La fundamentada sentencia del Tribunal Constitucional que anula parcialmente las llamadas plusvalías, abre graves interrogantes sobre el futuro de las finanzas locales. En este sentido, no debe olvidarse el peso que tiene en los actuales ingresos de cualquier ayuntamiento lo recaudado por el Impuesto sobre el Incremento del Valor de los Terrenos de Naturaleza Urbana (IIVTNU). Tal tributo, junto con el IBI, ha permitido capear los efectos de la crisis en la casi totalidad de los municipios españoles.

En realidad, la demolición del sistema era una exigencia ineludible: si el objeto del impuesto viene constituido por la ganancia generada entre la adquisición y la transmisión de un inmueble, ¿cómo recaudarlo si dicha ganancia es inexistente o, incluso, si lo que hay es una minusvalía? Este último caso es extraordinariamente frecuente en propiedades adquiridas durante el auge del mercado inmobiliario y posteriormente enajenadas tras su desplome.
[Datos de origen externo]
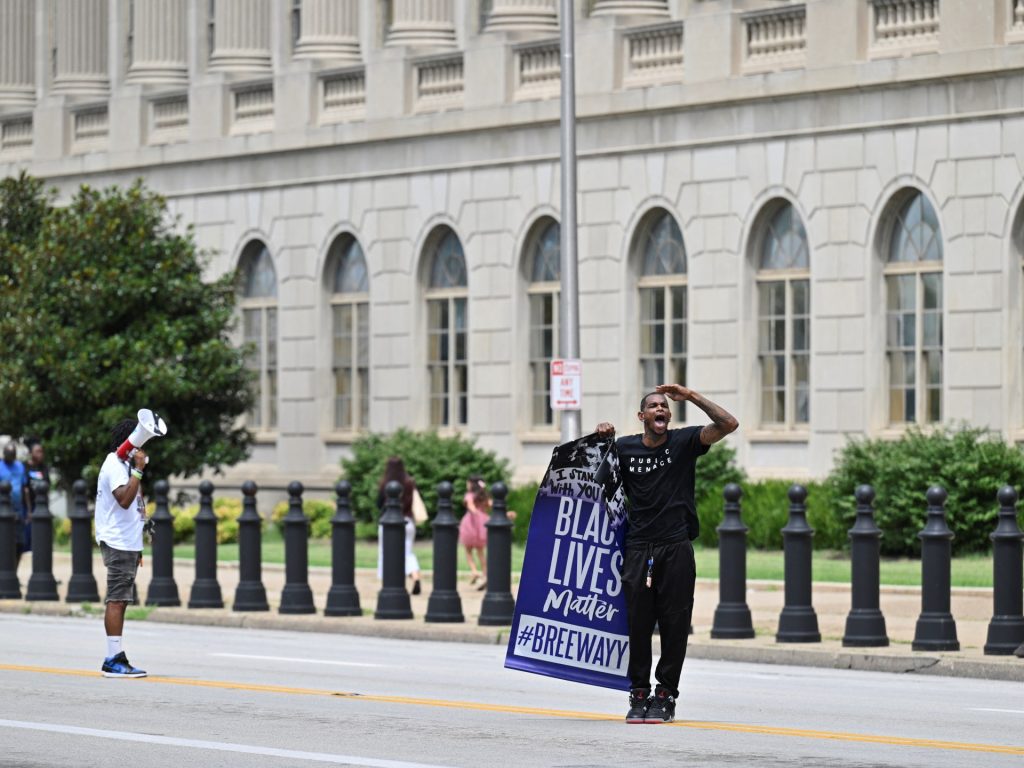 US police officer in Breonna Taylor death sentenced to 33 months in prison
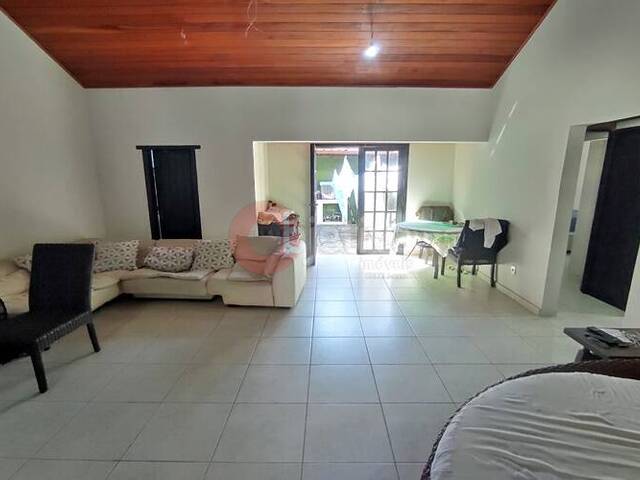 #1739 - Casa para Venda em Cabo Frio - RJ - 2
¿De dónde semejante disparate? Pues miren, por causa de la tramposa fórmula de liquidación del impuesto: no importa en cuánto se haya vendido la propiedad de que se trate; se toma como referencia su valor catastral, que se aumenta utilizando coeficientes que crecen en función del número de años transcurridos, con un límite de veinte, desde la anterior transmisión; eso provoca que el resultado sea siempre positivo; sobre tan imaginativa cifra se aplica el tipo de gravamen fijado libremente en cada localidad, una dentellada que puede llegar hasta el máximo legal del 30%.

Todo este artificio es el que se ha venido abajo. Ahora habrá que modificar urgentemente la Ley, adecuarla a la lógica y devolver, si no ha prescrito, lo cobrado indebidamente. De ahí, y de los dineros que ya no llegarán, los nervios en los arruinados cabildos.
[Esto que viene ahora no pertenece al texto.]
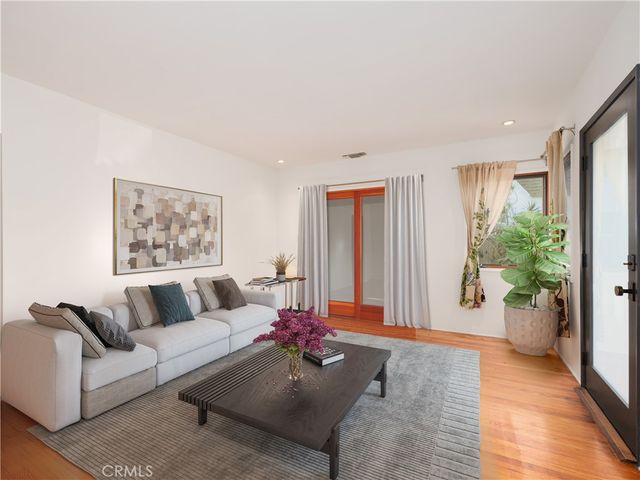 3778 Meier, Los Angeles, CA 90066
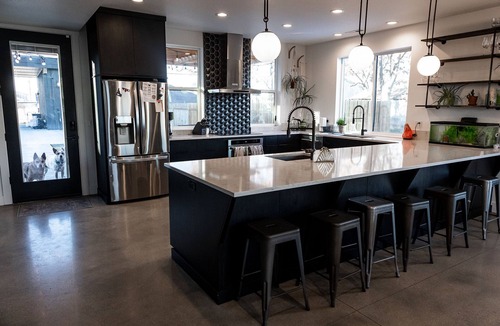 Boise House | The tall black house in Garden City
Tras el puntual barullo, late la verdadera cuestión de fondo: no hemos sabido resolver el laberinto de la financiación municipal. Hasta ahora, al menos en parte, la hemos hecho recaer, utilizando mecanismos artificiales, lesivos y al cabo inconstitucionales, sobre el exangüe bolsillo de los vecinos.
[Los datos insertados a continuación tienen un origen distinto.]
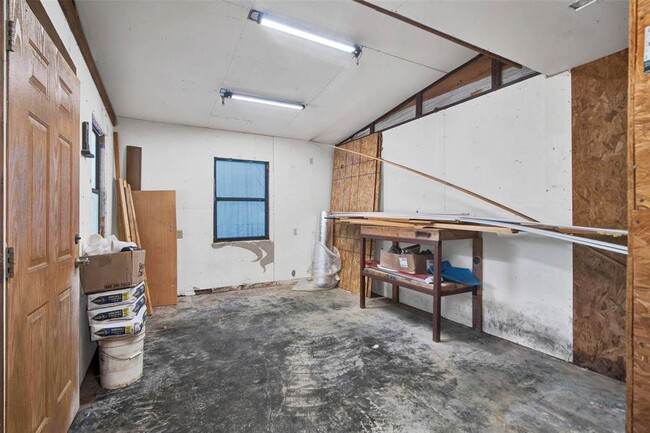 Building Photo - 306 Homesite Rd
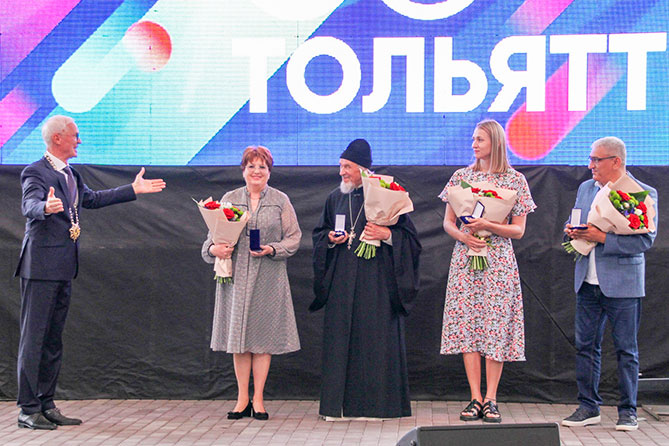 награждение почетным знаком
Hora es de tomarse al fin en serio el cabal aprovisionamiento de la primera línea de la gestión pública. Se acabaron los inventos, la ingeniería fiscal y las tomaduras de pelo. Hágase lo que se deba, cámbiense, y rápido, las normas. Pero, en la solución, absténganse de seguir apaleando las espaldas de los hoy muy descalabrados españolitos.